Обсуждение: COPY to/from non-local file

Поиск
Список
Период
Сортировка

COPY to/from non-local file

От
Jaime Silvela
Дата:
I've been looking around for this functionality:
Is it possible to use COPY with a file that doesn't reside in the DB's
filesystem? I know there is sort of a solution in using COPY from stdin/
COPY to stdout, however that depends on calling the psql command, which
breaks the flow of control of the programs I'm trying to write.

Here's the story: I have a Ruby on Rails application which sits on
server A, and connects to a Postgres Database running on B. Using the
regular flow, the rails code writes into various tables, and then
generates a table that needs to be exported into a file which will be
used as input into a separate program, a simulator, and kept in the
filesystem of the Rails server.

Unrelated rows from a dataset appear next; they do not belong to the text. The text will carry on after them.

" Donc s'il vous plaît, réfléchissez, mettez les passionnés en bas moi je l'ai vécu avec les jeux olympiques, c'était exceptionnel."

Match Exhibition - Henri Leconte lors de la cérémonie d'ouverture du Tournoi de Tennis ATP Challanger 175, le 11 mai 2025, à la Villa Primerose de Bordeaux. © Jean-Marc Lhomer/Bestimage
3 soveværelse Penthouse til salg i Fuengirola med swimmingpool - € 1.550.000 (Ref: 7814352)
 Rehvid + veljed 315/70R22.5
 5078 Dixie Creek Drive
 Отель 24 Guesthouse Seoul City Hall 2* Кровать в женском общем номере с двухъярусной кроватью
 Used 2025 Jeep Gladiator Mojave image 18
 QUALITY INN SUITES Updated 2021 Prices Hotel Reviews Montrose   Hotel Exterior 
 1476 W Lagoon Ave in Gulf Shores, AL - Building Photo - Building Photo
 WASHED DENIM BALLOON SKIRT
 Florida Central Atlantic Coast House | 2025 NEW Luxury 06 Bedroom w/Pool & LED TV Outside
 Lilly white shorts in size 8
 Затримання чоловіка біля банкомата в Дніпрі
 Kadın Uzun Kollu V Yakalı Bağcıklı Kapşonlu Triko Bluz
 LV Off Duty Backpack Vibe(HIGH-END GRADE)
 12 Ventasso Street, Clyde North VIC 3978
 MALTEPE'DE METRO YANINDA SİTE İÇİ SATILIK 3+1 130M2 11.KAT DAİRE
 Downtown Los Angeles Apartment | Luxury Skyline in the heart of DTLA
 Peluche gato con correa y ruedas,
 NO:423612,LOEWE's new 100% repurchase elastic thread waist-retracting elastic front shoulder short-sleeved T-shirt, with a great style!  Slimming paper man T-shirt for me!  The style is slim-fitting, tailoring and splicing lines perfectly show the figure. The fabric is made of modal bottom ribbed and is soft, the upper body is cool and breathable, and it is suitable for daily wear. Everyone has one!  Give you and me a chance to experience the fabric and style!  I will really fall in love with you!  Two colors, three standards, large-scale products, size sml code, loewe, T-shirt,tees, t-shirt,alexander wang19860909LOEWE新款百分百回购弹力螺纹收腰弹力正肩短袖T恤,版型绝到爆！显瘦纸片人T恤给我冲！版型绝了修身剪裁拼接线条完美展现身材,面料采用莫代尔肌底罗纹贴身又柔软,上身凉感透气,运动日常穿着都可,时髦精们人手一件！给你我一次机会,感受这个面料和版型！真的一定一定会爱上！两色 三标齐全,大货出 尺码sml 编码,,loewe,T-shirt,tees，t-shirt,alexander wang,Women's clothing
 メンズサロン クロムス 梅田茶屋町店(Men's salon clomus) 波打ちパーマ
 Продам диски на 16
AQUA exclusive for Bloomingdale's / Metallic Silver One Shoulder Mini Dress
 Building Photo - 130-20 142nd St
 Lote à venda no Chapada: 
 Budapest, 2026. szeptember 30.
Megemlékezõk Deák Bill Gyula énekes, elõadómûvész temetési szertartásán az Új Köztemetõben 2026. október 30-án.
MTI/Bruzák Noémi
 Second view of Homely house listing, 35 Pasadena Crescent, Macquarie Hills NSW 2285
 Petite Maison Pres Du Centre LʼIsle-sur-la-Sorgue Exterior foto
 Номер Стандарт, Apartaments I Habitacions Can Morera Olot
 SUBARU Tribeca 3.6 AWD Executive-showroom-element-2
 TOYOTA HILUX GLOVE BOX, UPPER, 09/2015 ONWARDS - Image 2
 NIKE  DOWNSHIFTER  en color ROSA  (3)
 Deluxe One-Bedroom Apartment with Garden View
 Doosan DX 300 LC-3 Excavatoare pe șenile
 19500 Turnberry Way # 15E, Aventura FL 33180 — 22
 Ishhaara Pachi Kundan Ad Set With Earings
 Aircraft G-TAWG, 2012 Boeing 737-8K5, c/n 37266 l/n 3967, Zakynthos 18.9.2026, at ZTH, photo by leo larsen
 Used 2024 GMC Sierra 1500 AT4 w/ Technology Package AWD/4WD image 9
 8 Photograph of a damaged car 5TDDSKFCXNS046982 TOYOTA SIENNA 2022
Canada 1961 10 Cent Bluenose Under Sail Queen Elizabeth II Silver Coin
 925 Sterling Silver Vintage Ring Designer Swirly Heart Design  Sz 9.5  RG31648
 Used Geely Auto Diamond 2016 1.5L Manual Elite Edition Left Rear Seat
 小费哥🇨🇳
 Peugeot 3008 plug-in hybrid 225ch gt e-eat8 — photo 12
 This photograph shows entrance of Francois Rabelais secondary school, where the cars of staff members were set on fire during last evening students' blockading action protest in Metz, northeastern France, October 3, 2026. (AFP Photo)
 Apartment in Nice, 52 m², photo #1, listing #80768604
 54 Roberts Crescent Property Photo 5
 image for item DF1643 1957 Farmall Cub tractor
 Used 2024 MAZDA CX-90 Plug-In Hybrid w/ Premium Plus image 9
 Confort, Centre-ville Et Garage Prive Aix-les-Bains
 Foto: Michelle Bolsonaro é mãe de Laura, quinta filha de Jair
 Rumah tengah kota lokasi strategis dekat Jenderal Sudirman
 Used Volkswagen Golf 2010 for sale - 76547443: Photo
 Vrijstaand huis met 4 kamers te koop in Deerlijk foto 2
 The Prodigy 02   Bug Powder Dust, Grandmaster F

Using the COPY command would entail
either of
a) Using COPY to generate the file on server B, then transfer to A - but
how? ftp?  I want to reduce this type of coupling
b) Using COPY TO STDOUT from psql, called in the Rails code with a
backtick, then gathering the output  and filing it. - but this solution
depends on having psql in the path of the Rails server, reintroducing
the server credentials, and from a programming point of view is kind of
ugly.
c) The Postgres driver for Rails tries to give an interface to the COPY
command using "raw_connection", "getline" and "endcopy", but it's quite
brittle, so I'm avoiding it altogether.

At the moment I'm avoiding those solutions, and instead get the table
into Rails space with a CURSOR on a SELECT, then simply write the file
in Rails, one line at a time. However, the tables I'm writing are pretty
big, and  the performance is so much worse than with COPY...

Any suggestions?
Thanks
Jaime


***********************************************************************
Bear Stearns is not responsible for any recommendation, solicitation,
offer or agreement or any information about any transaction, customer
account or account activity contained in this communication.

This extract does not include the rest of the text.